La puissance et la rage

La chanteuse originaire de Chicago Mavis Staples fête ses 80 ans avec _We Get By_, un album engagé produit par Ben Harper.

Pauline Guedj  • 14 mai 2019 abonné·es
La puissance et la rage
© crédit photo : Jamie McCarthy/Getty Images for Gods Love we Deliver/AFP

Accra, 6 mars 1971. Au cœur de la place principale de la ville, Black Star Square, une large scène a été montée. Ce soir, on fête l’anniversaire de l’indépendance du Ghana, un pays qui, depuis quinze ans, est devenu un symbole dans la lutte des populations noires contre le colonialisme et l’oppression. De nombreux artistes sont attendus : des ­Américains, Wilson Pickett, ­Santana, Roberta Flack, Ike et Tina Turner, les Staple ­Singers ; et des Africains, Guy Warren, Kwa Mensah.

Nous sommes trois ans avant une autre manifestation plus connue, qui s’ancrera elle aussi dans la célébration de l’amitié panafricaine. À Kinshasa, le « Rumble in the Jungle » comportera combat de boxe (Muhammad Ali contre George Foreman) et concerts (James Brown, BB King, Miriam Makeba et Bill Withers).

Parmi les Américains invités à Accra, les Staple Singers ne sont pas les plus connus, mais ils sont ceux pour qui le panafricanisme a le plus de sens. Chacune de leurs chansons ou presque est une protest song. Famille de Chicago, les Staple sont des musiciens d’église. Le père, Pops, travaillait dans les abattoirs de la ville avant de connaître le succès entouré de ses enfants.

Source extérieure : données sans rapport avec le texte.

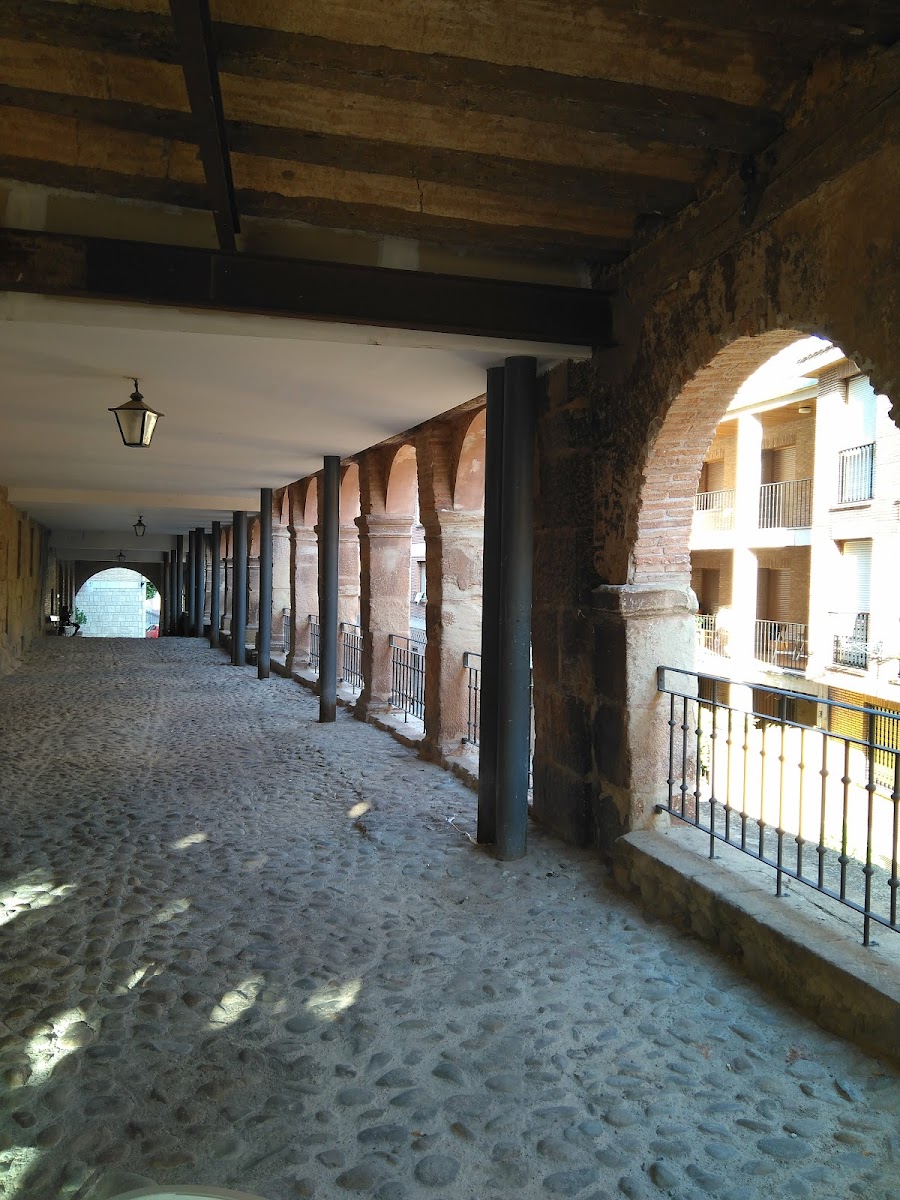 Hostal Villa de Navarrete Hotel 2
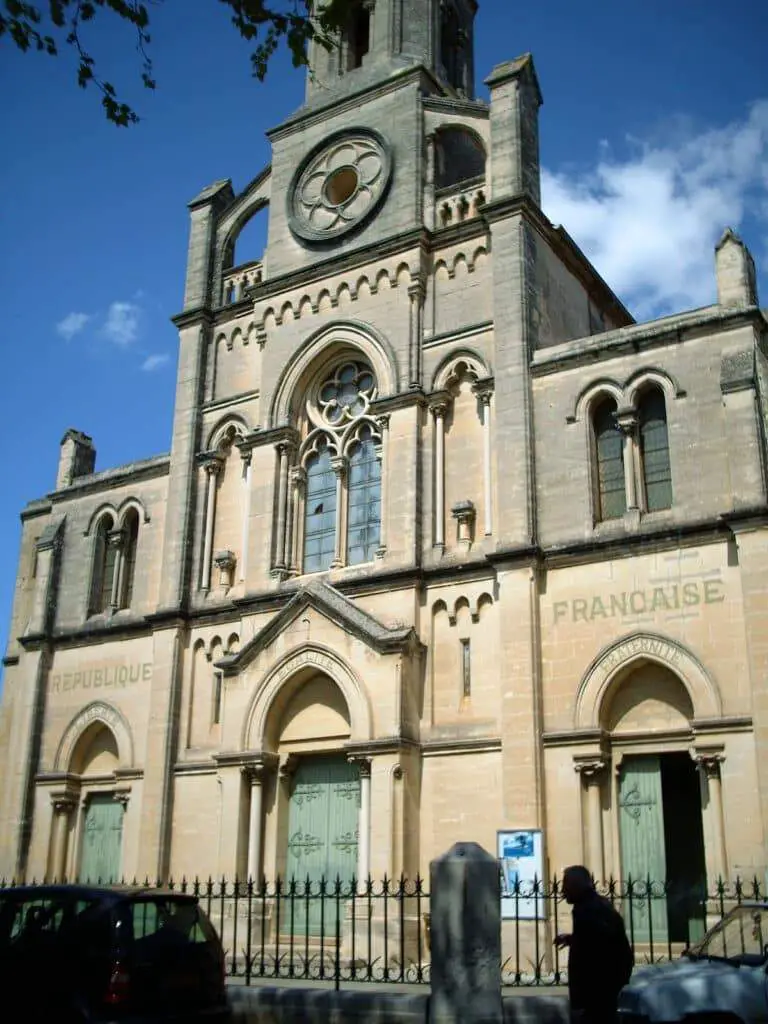 Église Saint Saturnin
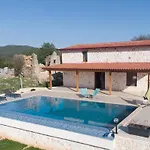 Stone House With Private Infinity Pool * Sarilar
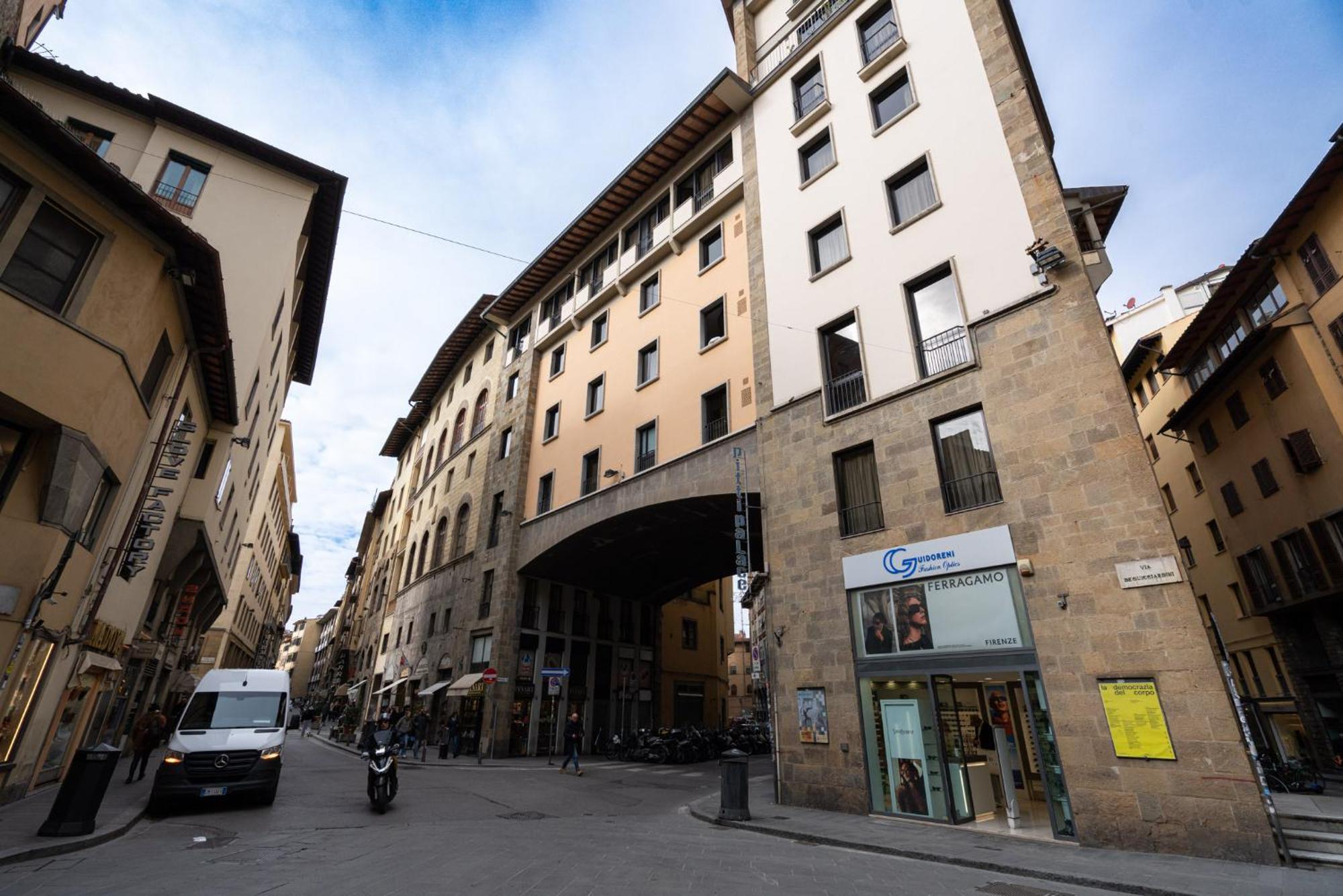 Deborah's Nest Florence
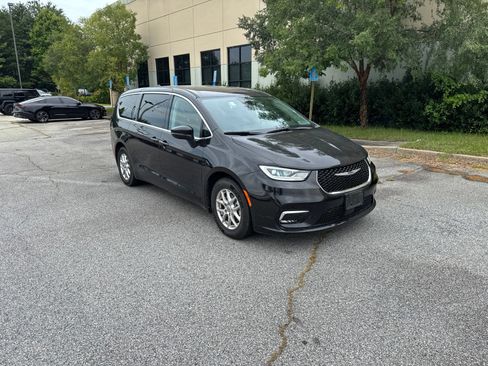 Used 2023 Chrysler Pacifica Touring-L FWD image 6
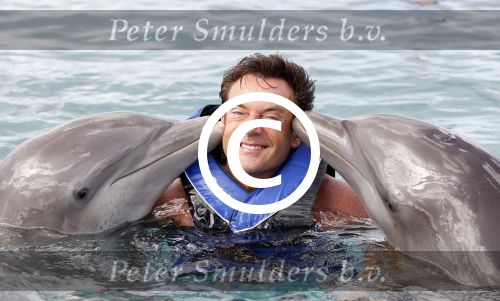 Curacao 8 januari 2011
Gerard Joling Patty Brard en Romy Omtzigt zwemmen bij de dolphin academy
bij seaquarium met dolfijnen.
Peter Smulders bv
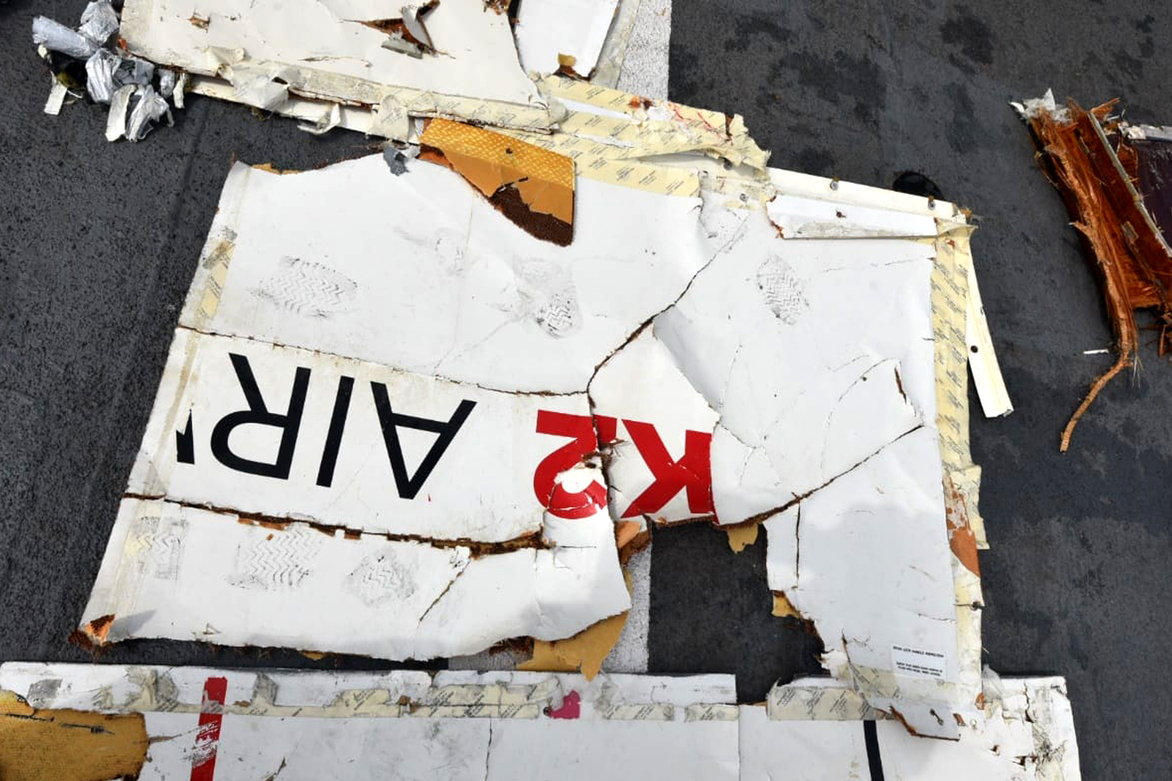 PAKISTAN-ORMARA-CARGO PLANE-CRASH-WRECKAGE-RECOVERY
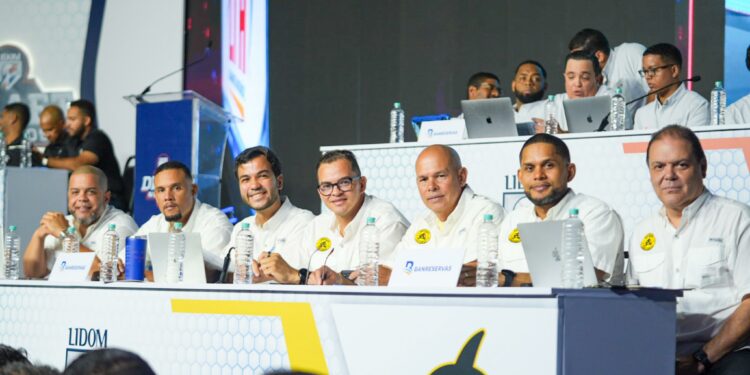 Águilas Cibaeñas apuestan al poder de Edward Florentino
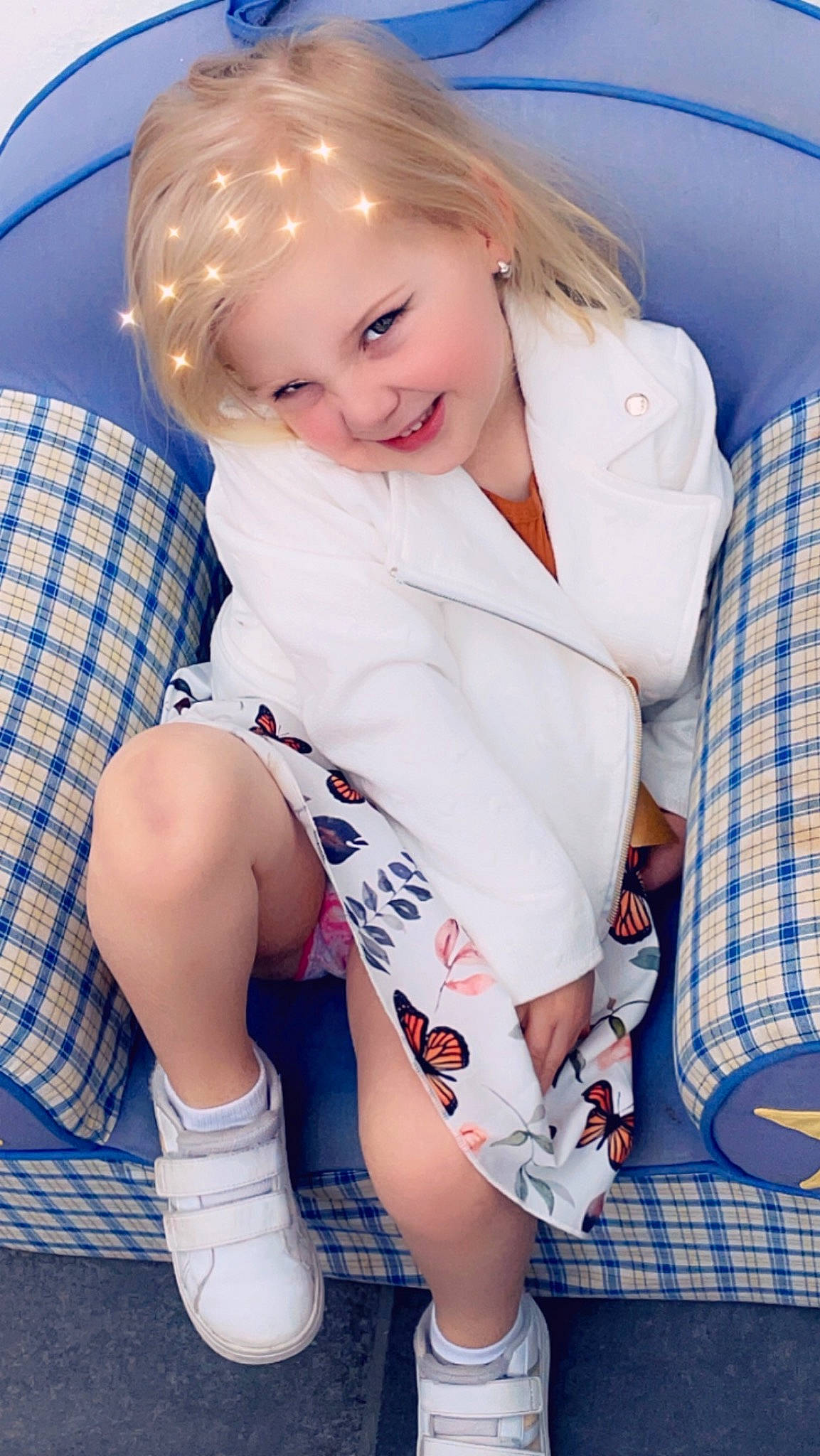 Luana participe au concours pour gagner de l'argent avec cette photo : baby, baby_toddler_clothing, blond, blue, brown_hair, comfort, elbow, electric_blue, happy, human_leg, joy, knee, lap, pattern, person, sitting, skin, smile, tartan, thigh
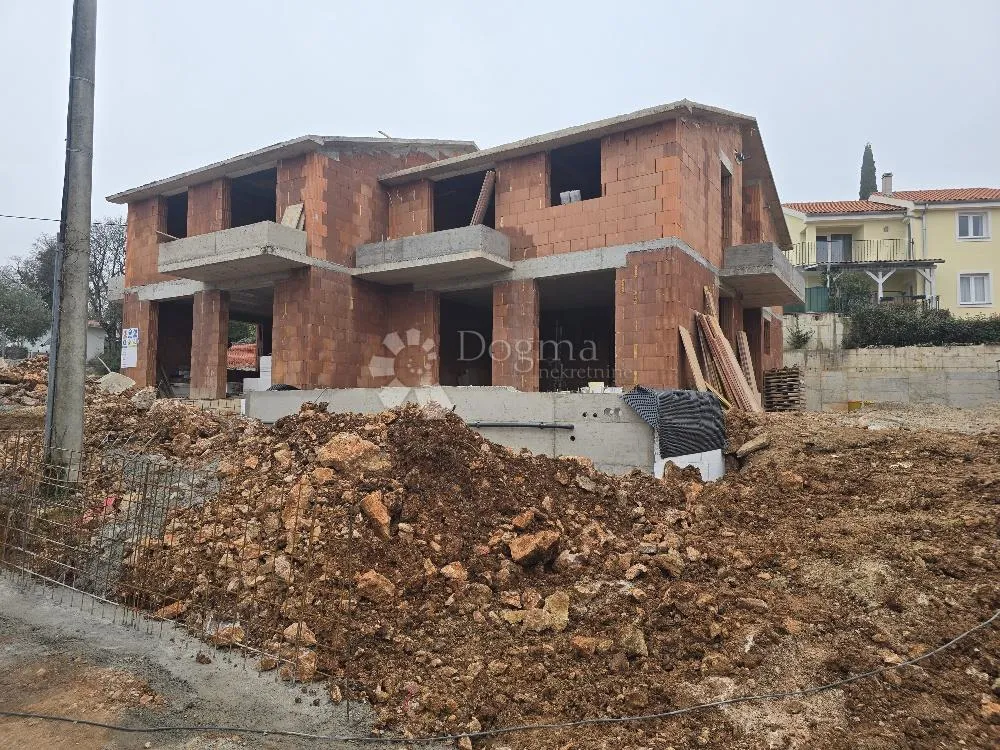 krk, kuća 140m2 sa bazenom i okućnicom - slika 6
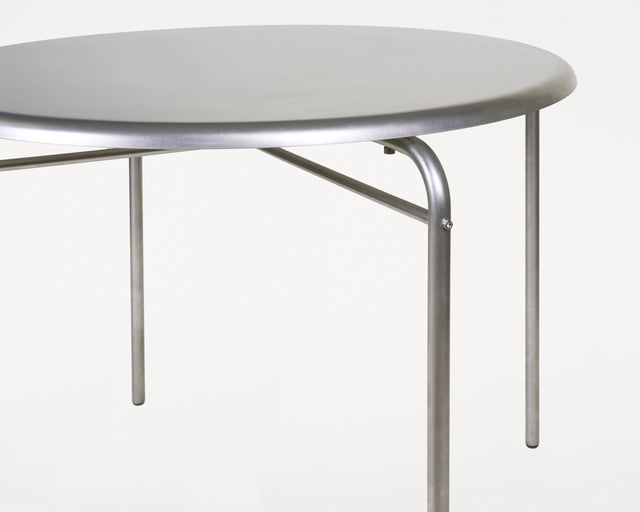 FRAMA-Petit Rond Table 桌 FRAMA-Petit-Rond-Table-Large-Packshot-0090.png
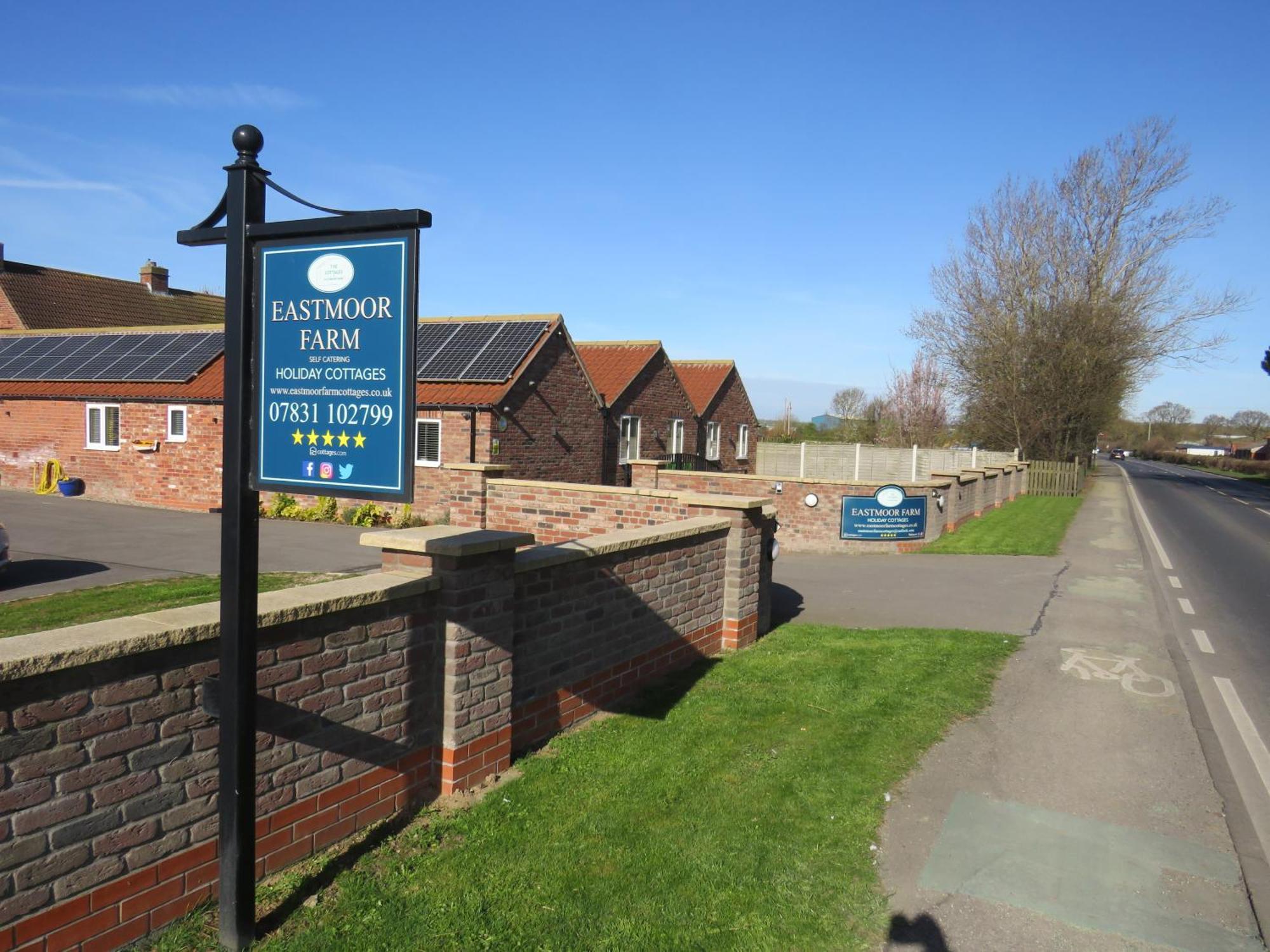 The Tack Room At Eastmoor Farm Fantastic 2 Bed Dog Friendly Luxury Cottage With Secure Gardens And Onsite Parking Bridlington Exterior photo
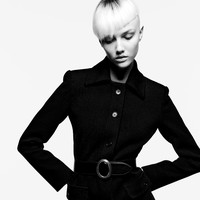 Rumah mode Saint Laurent merilis koleksi busana ready to wear 2021 yang didominasi warna hitam dan putih. Foto: dok. Saint Laurent.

Il est un ardent supporter de Martin Luther King. En 1963, alors que la famille est à Montgomery, Pops va écouter une allocution du pasteur. « S’il peut prêcher un tel message, se serait-il exclamé, nous pouvons aussi le chanter. » Au répertoire du groupe, de magnifiques morceaux pour rassembler la communauté, dénoncer et se battre : « I’ll Take You There », « We’ll Get Over » et « Freedom Highway », composé en hommage à Emmett Till, un jeune homme lynché et assassiné en 1955, accusé à tort d’avoir agressé une femme blanche.

Ce soir de 1971, les Staple ­Singers interprètent l’un de leurs plus beaux titres, « When Will We Be Paid ? », une chanson poignante qui réclame avec force et ­simplicité des réparations : « Nous avons construit ce pays. Nous avons ramassé du coton et couché les rails des trains/Nous avons été séparés de notre langue, arrachés de notre culture/Quand serons-nous payés pour notre travail ? » La soliste s’appelle Mavis. Elle a cette voix rauque, profonde. Un sens du rythme stupéfiant forgé à la fois dans le gospel des églises et dans les rues du South Side de Chicago. Son attitude est sobre. Jamais d’interprétations outrancières. L’émotion passe par ses habilités vocales exceptionnelles, démontrées avec une aisance déconcertante.

Aujourd’hui, près de cinquante ans après le concert d’Accra, Mavis Staples est toujours sur le devant de la scène. Son message est resté presque intact. Toujours pas de réparations pour la communauté noire, toujours la violence dans les relations interraciales, la désunion à l’intérieur même des quartiers africains-américains. Mavis Staples chante seule. « Pas par choix », explique-t-elle, simplement parce que les membres de sa famille sont morts ou diminués. Elle mène depuis longtemps une carrière solo, boostée par des accointances prestigieuses, notamment avec Bob Dylan. Avec George Clinton et Larry Graham, Mavis Staples fait aussi partie de ces aînés qui ont trouvé un refuge chez Prince. Pour lui, elle sera, entre autres, « Melody Cool ». Un morceau dansant et entêtant dont sa voix est le trésor.

À 80 ans, Mavis Staples sait encore bien s’entourer : We Get By, son nouvel album, est produit par Ben Harper. Au fil de l’album, le musicien suit les voix de la chanteuse avec attention, laisse à son groupe l’espace nécessaire pour jouer avec les compositions tout en inspirant des guitares bluesy et des lignes de basse très présentes et funky. Harper et Staples semblent prendre du plaisir à collaborer et s’offrent même un duo inspiré, la chanson titre, un morceau soul aux arrangements sophistiqués. Sur le disque, Mavis Staples alterne rage et espoir. « À quoi sert la liberté si nous n’avons toujours pas appris à être libres ? » s’interroge-t-elle. Une seule solution, « être courageux, être forts l’un pour l’autre ». Un très beau disque.

We Get By, Mavis Staples, Anti-Records. Sortie le 24 mai.